Of course I remain in escrow for the condominium purchase and have to get moved at some point. It’s a little tough to plan all of that when you’re not sure if the country is going to go into lockdown for a few weeks. I was going to hire a professional pack/move company for the move but I’m thinking I’ll take that money and hire my actor friends whose income is disappearing as the gig economy shuts down and who will need the dollars for rent next month. It strikes me that will be worth a few broken dishes and some scratches in my not very expensive furniture. The one exception would be the piano. I’ll have the piano movers do that. My futurizing brain is creating all of these scenarios where I won’t be able to sell my house or where changes in the health care system lead to me losing my job and the whole thing becomes a financial bloodbath but, compared to the other issues we’re all facing, that’s minor.

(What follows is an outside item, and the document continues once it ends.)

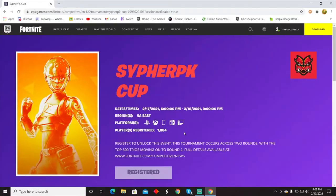Hey guys, welcome back to another video. Today I'm going to show you how to register for the Cypher BK Cup. Make sure you guys like the video, subscribe to the channel, and also use code 'The Gold Pili' in the item shop. Come to this website — I'll put a link in the description.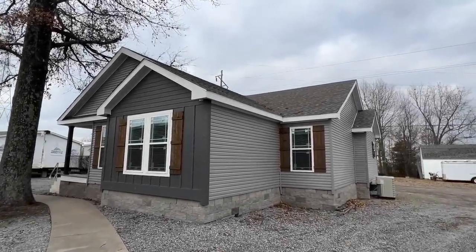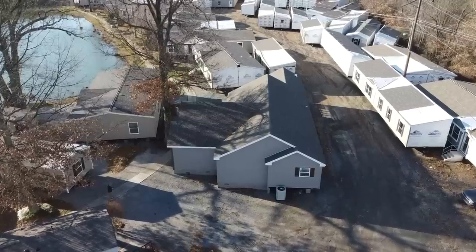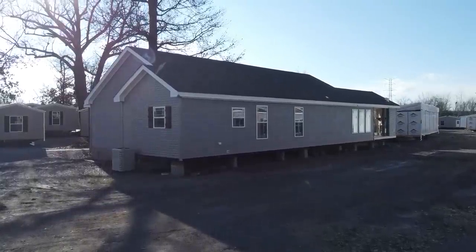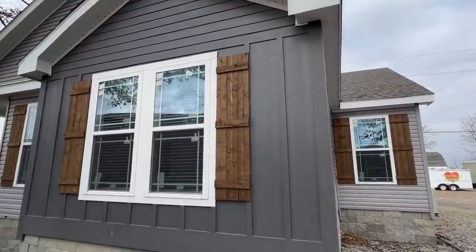All right everyone, this is one of those tours you just gotta sit back and relax because it's about to get crazy. This is a triple wide manufactured by Deer Valley, which I know y'all absolutely love, and this is one I've never been able to tour, so this is very, very cool.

The day I’m most reminded of at the moment is late October of 1999. Steve and I were on St Martin at a resort with several hundred other gay men when hurricane Jose came barreling down on us. The day the hurricane struck there was an incredible sense of anticipation in the air. Everything had been canceled (which didn’t stop a couple of hundred queens drinking every drop of liquor in the resort) and after noon the wind started to pick up getting stronger and stronger. The deep sea birds, albatrosses and the like appeared out of nowhere, hovering over the beach and looking out to sea in the direction of the storm. The land birds fell quiet. It was an eerie calm. Steve and I went back to our room as darkness fell, the electricity went out and the rains began to pour around 10 PM. As we were in a cheap room, not ocean view, we were spared most of the weather and did not have to spend the night hung over in a bathtub like a couple of guys of our acquaintance. This weekend has that same anticipatory feel – I just hope that everything’s lashed down tight when the storm hits.